[Available data]

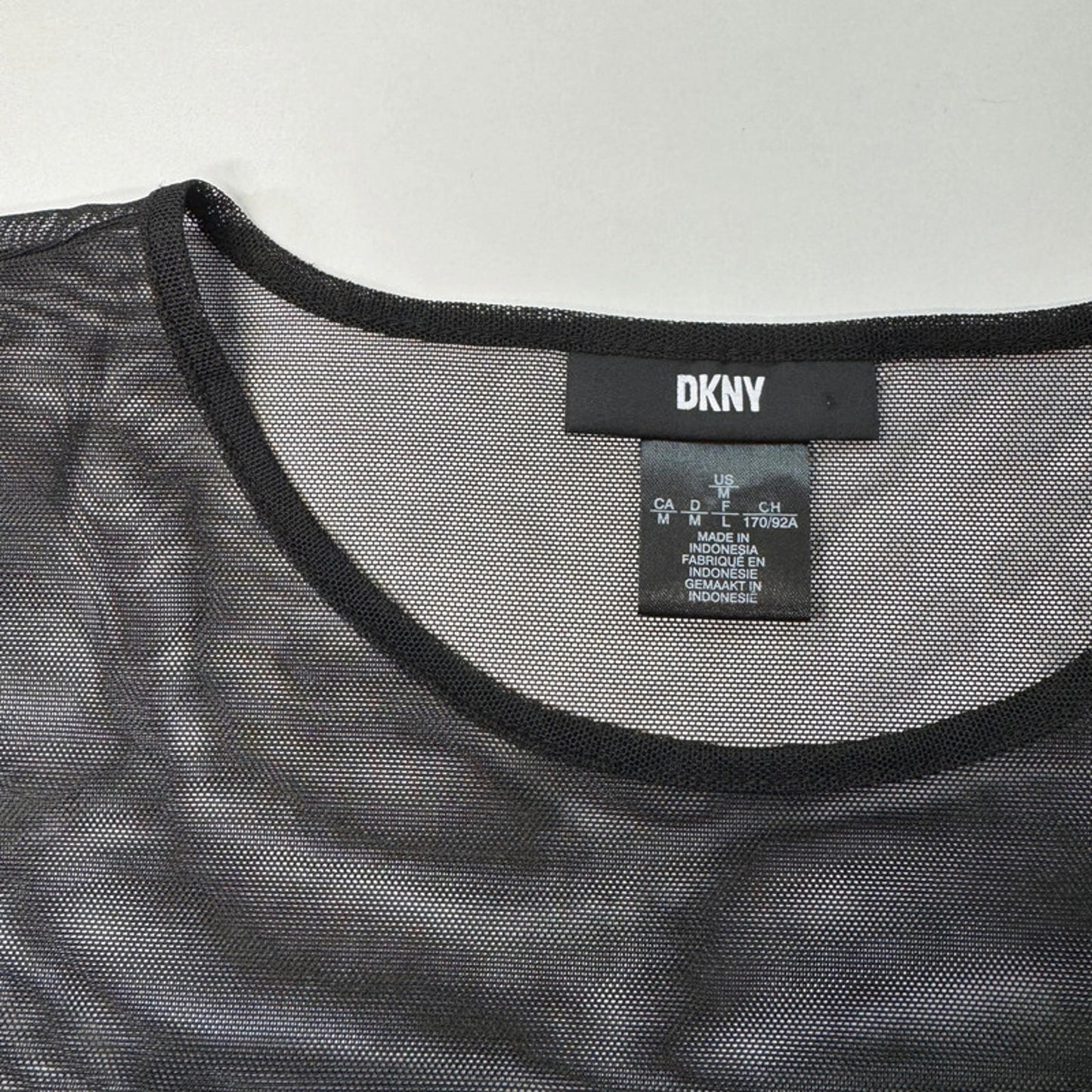 DKNY black short-sleeved round neck top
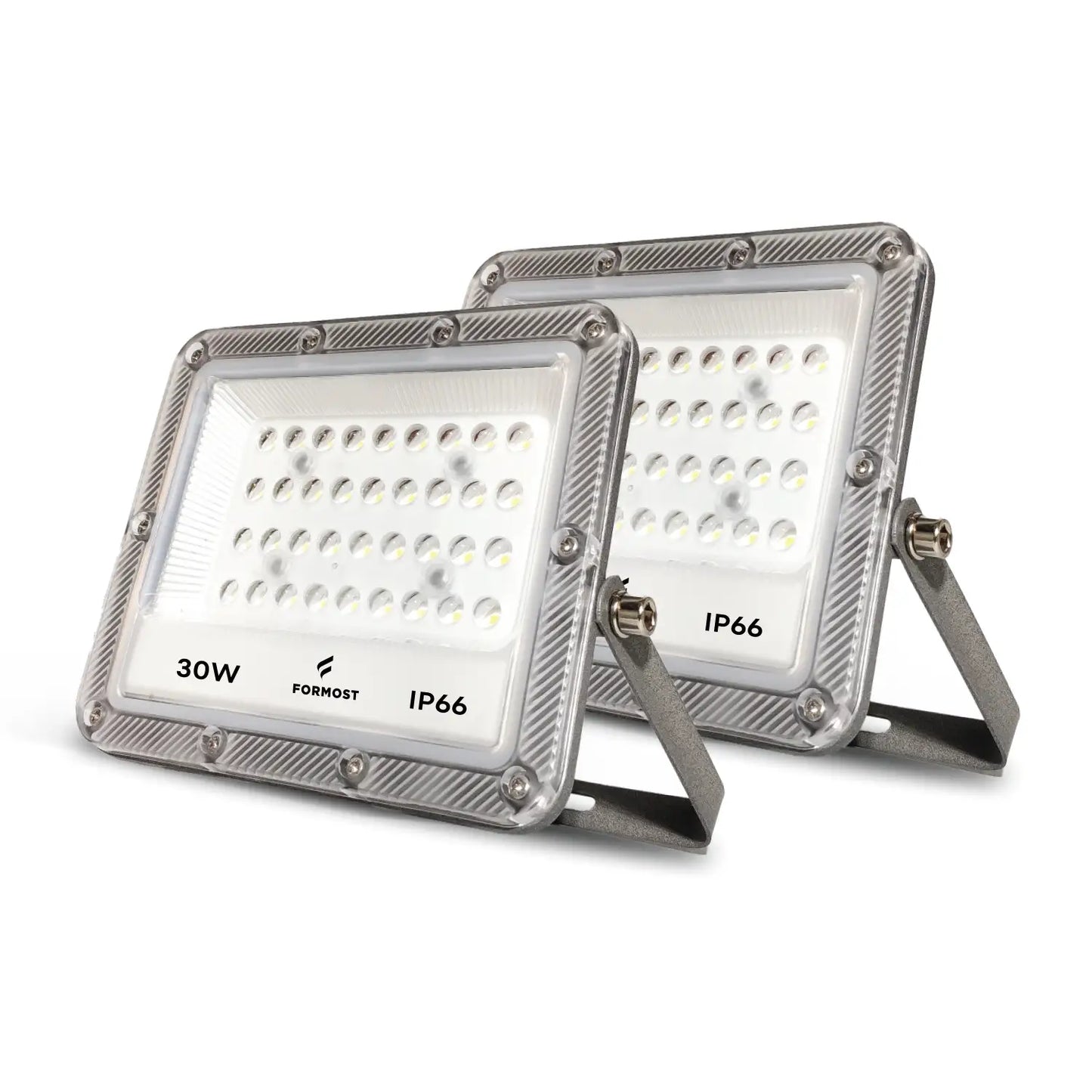 Two LED flood lights with specifications on a white background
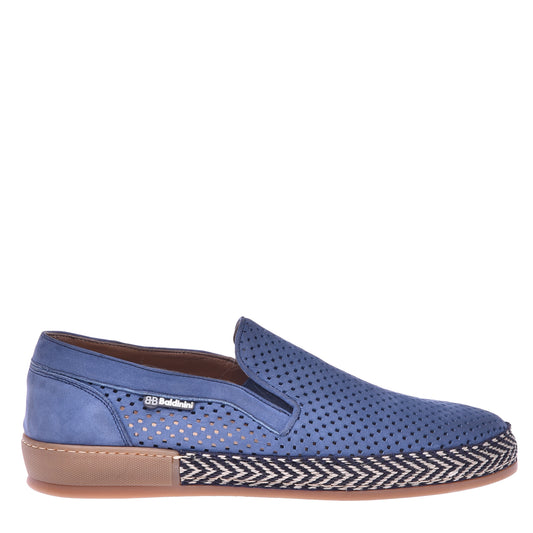 Baskets slip-on en nubuck perforé bleu avio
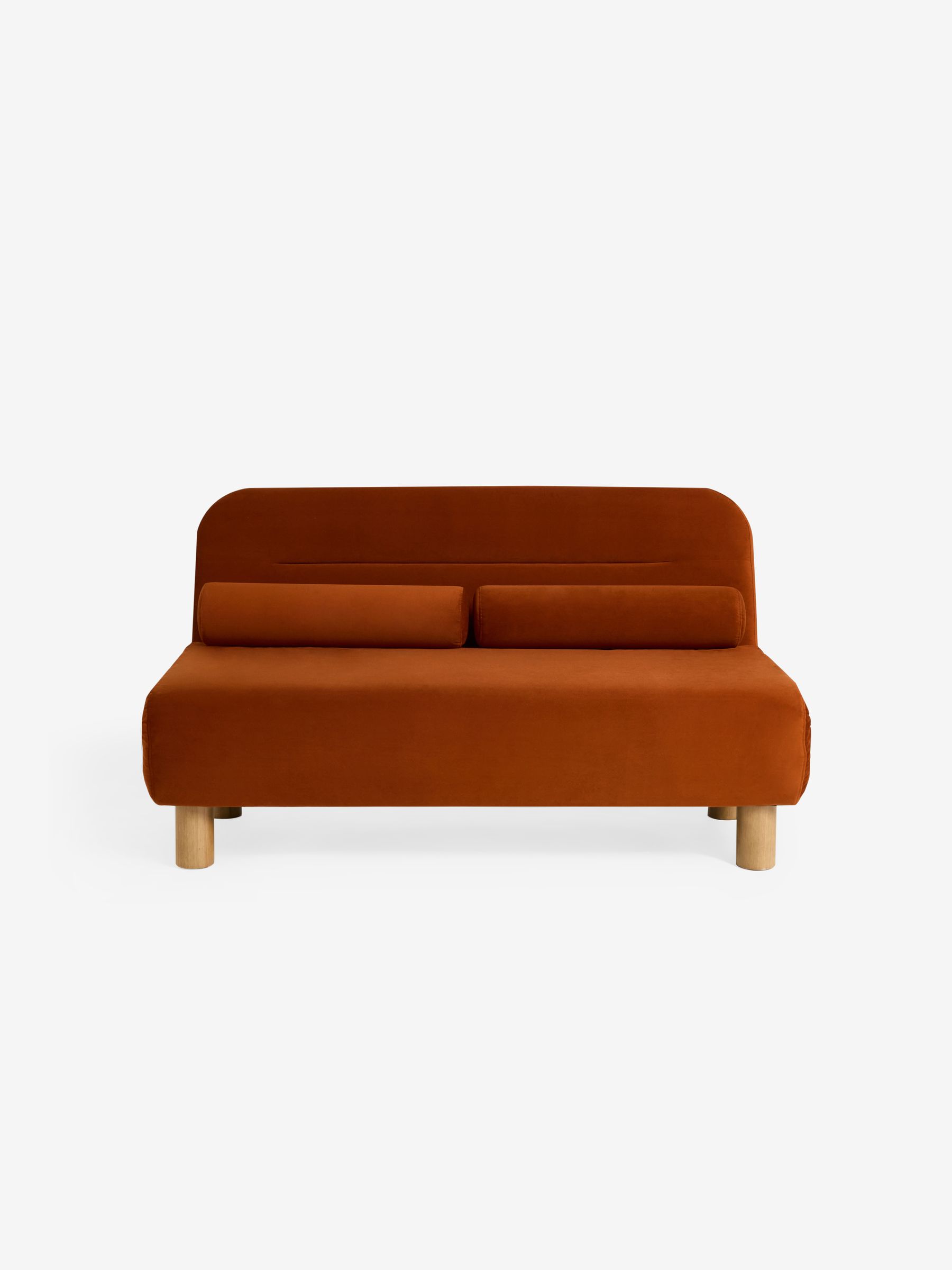 Large Maxton 2 Seater Sofa Bed in Cinnamon Orange Velvet - Image 6 of 7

[/Available data]

_Your assignment_. Exactly the lines running from the one with "Two LED flood" through the end of the listing above must be output, both ends included. No pictures belong in the output.

_Worked solution_.
 Two LED flood lights with specifications on a white background
 Baskets slip-on en nubuck perforé bleu avio
 Large Maxton 2 Seater Sofa Bed in Cinnamon Orange Velvet - Image 6 of 7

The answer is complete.